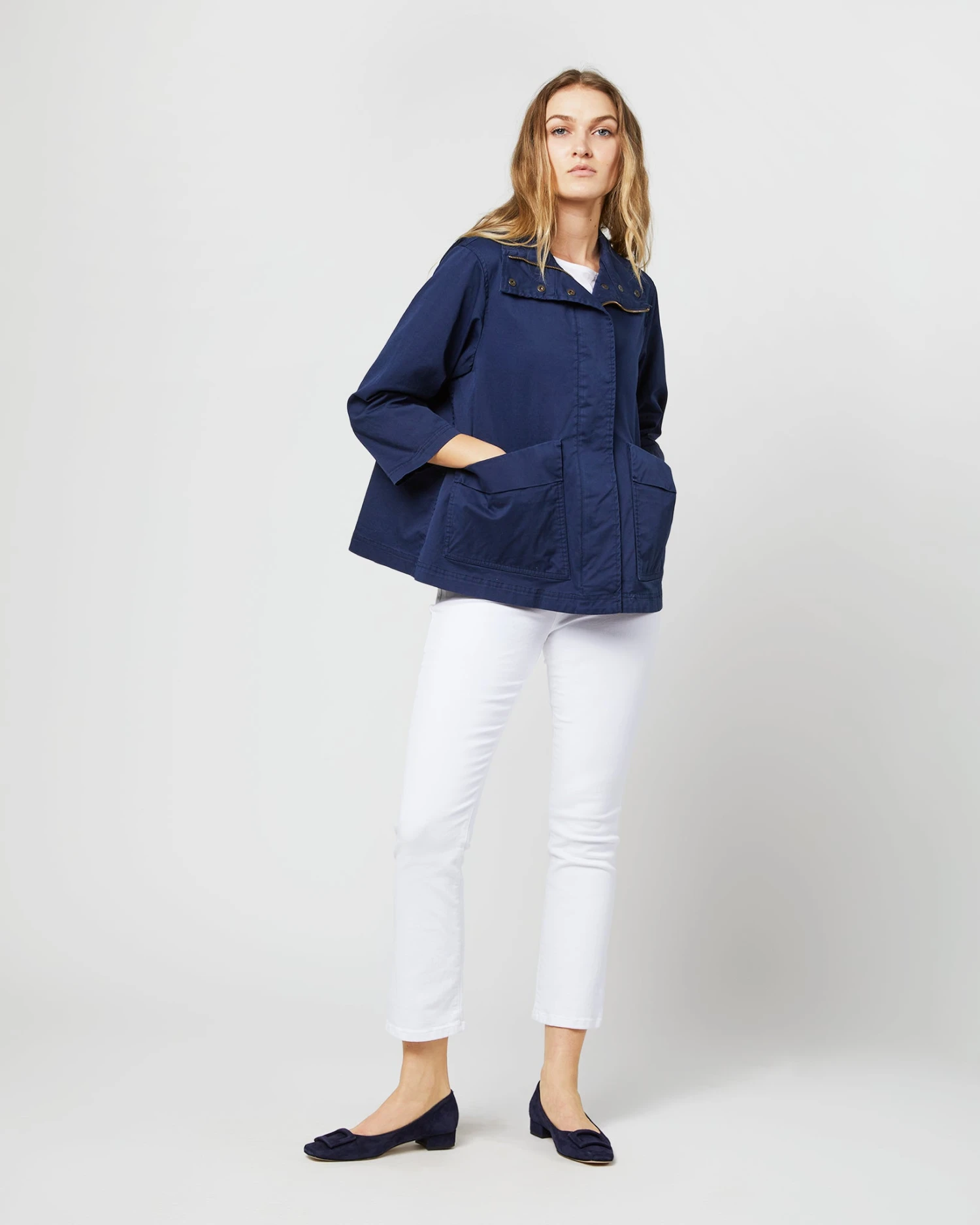 Patch-Pocket Edith Jacket In Navy Stretch Twill 4 Patch-Pocket Edith Jacket In Navy Stretch Twill - Image 4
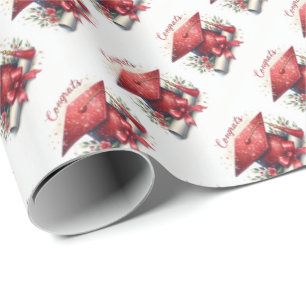 Papel De Presente Parabéns, Boné de formatura e Diploma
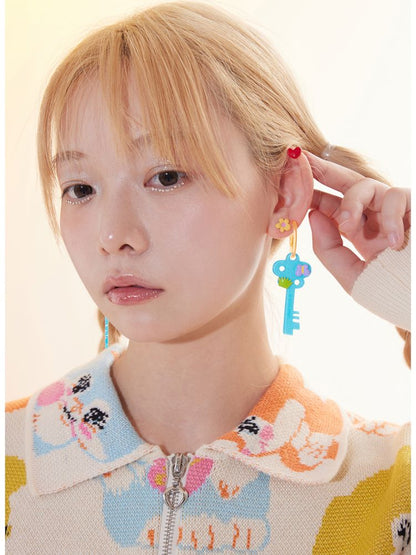 Cute Childish Key Earrings [S0000010033]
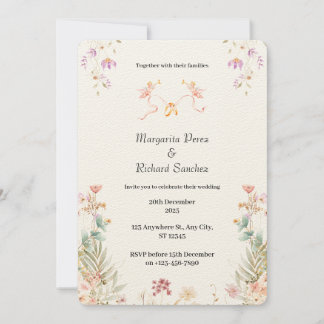 Elegant Floral Wedding Invitation Kaart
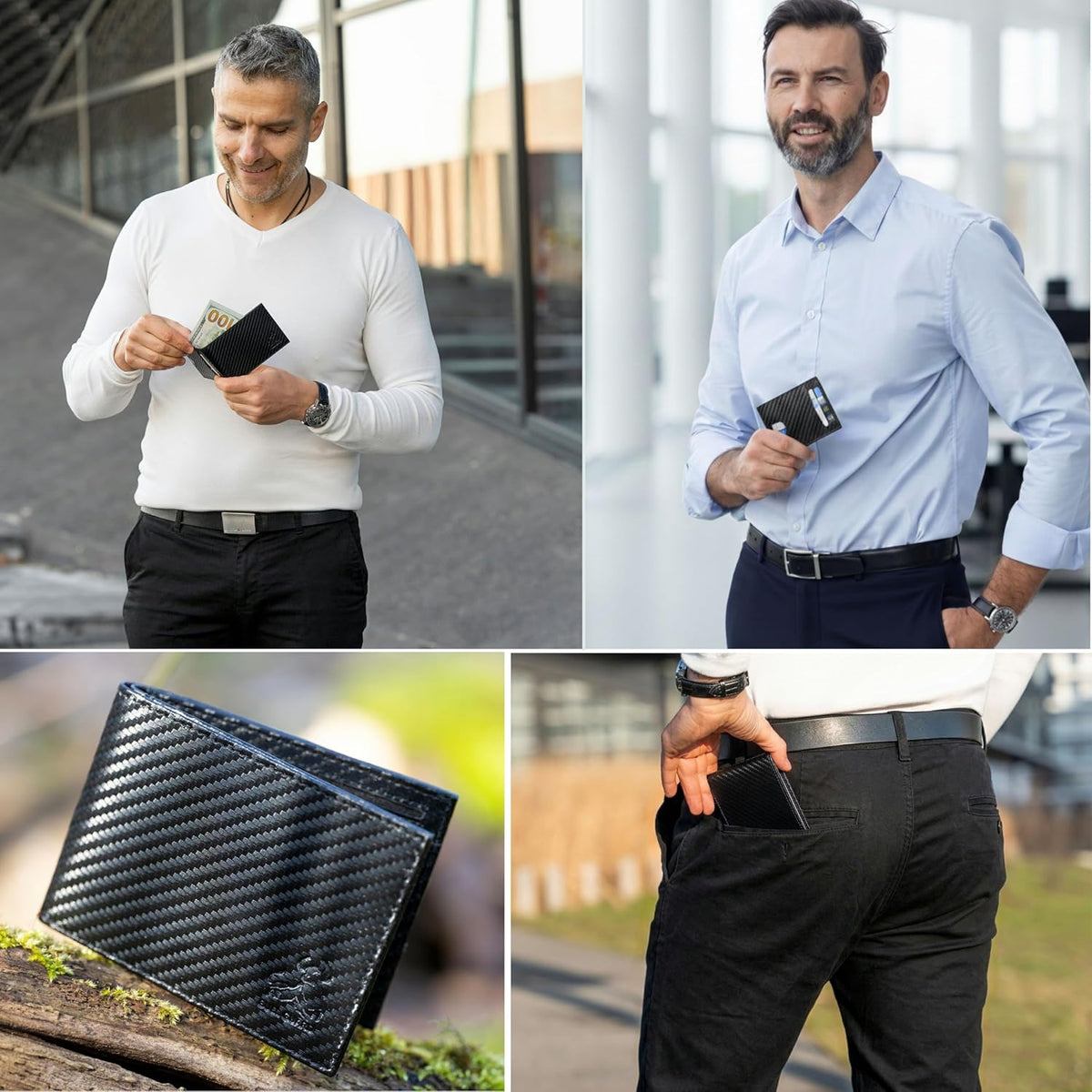 BULL GUARD Bifold Leather Wallet Slim Men's RFID Blocking Technology Premium Durable Leather & Tight Stitching, Quick Access Design with Security and Style Ideal for Work, Travel or Adventure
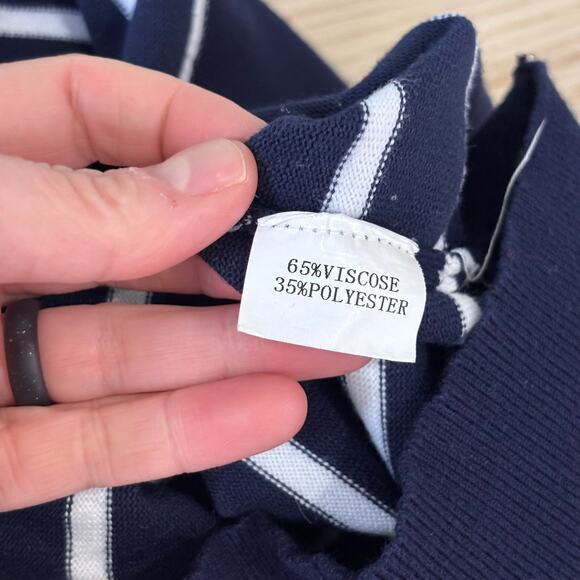 Cardigan Sweater Small Navy Striped Button Thin Sailor Basic Capsule Church - Picture 8 of 9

» **TASK OBJECTIVE**: From the line containing "BULL GUARD Bifold" through the last line of the listing, inclusive, transcribe every line exactly and nothing else; the pictures stay out.

» **OUTPUT FOR THIS EXERCISE**:
 BULL GUARD Bifold Leather Wallet Slim Men's RFID Blocking Technology Premium Durable Leather & Tight Stitching, Quick Access Design with Security and Style Ideal for Work, Travel or Adventure
 Cardigan Sweater Small Navy Striped Button Thin Sailor Basic Capsule Church - Picture 8 of 9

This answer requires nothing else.